Question

How do you find `f(a), f(a+h)`, and the difference quotient `(f(a+h) - f(a))/h` of `f(x) = 5/(x+7)` where `h!=0`?

Answer 1

`f(a)=5/(a+7)color(white)("xxx")f(a+h)=5/(a+h+7)color(white)("xxx")(f(a+h)-f(a))/h=-5/((a+7)^2+(a+7)h)`

Explanation:

To find `f(a)` and `f(a+h)`
replace `x` in `f(x)=5/(x+7)` with `a` and `a+h` respectively.

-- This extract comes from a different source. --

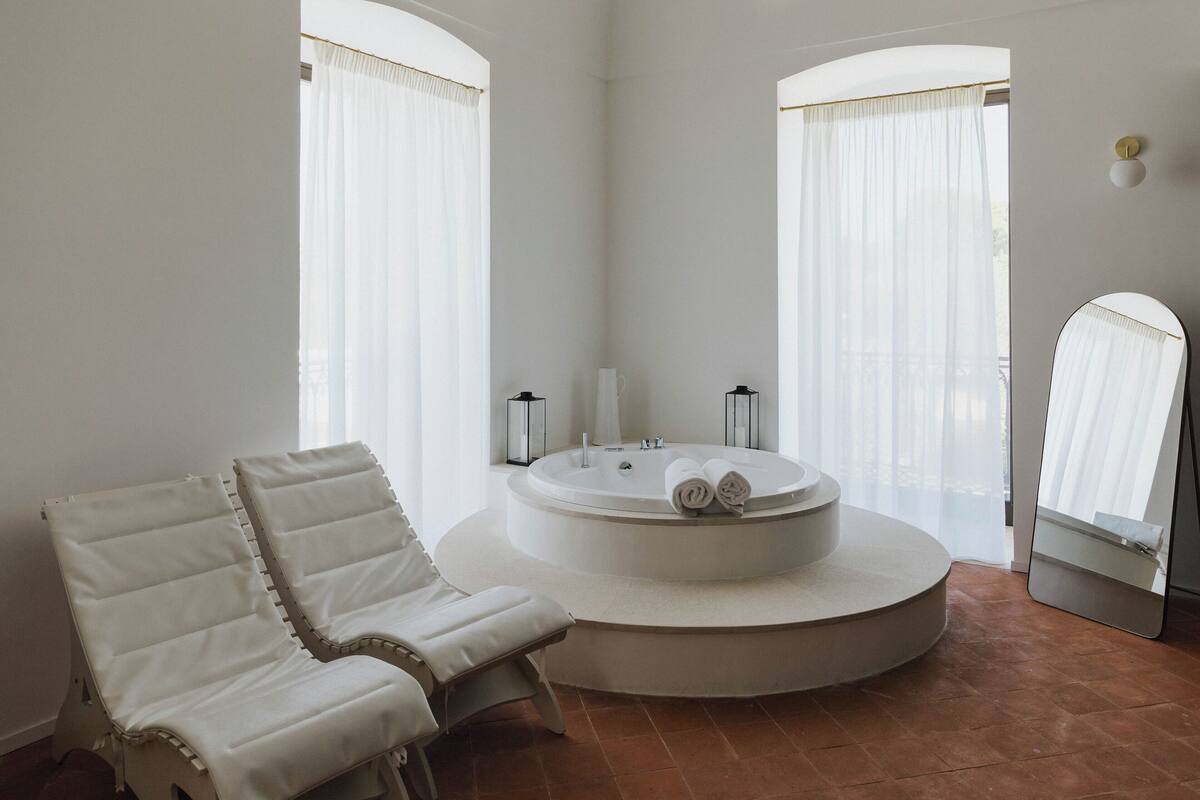 Suite, 1 King Bed, Hot Tub, Sea View | Bathroom | Separate tub and shower, deep soaking tub, rainfall showerhead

`f(a+h)-f(a)=5/(a+h+7)-5/(a+7)`

`color(white)("XXX")=(5(a+7)-5(a+h+7))/((a+h+7)(a+7))`

`color(white)("XXX")=(-5h)/(a^2+ah+7a+7a+7h+49)`

`color(white)("XXX")=(-5h)/(a^2+14a+49+ah+7h)`

`color(white)("XXX")=(-5h)/((a+7)^2+(a+7)h)`

`(f(a+h)-f(a))/h=((-5h)/((a+7)^2+(a+7)h))/h`

`color(white)("XXX")=(-5)/((a+7)^2+(a+7)h)`

Normally at this point we would be taking the `lim_(hrarr0)` so the `(a+7)h` term in the denominator would effectively disappear.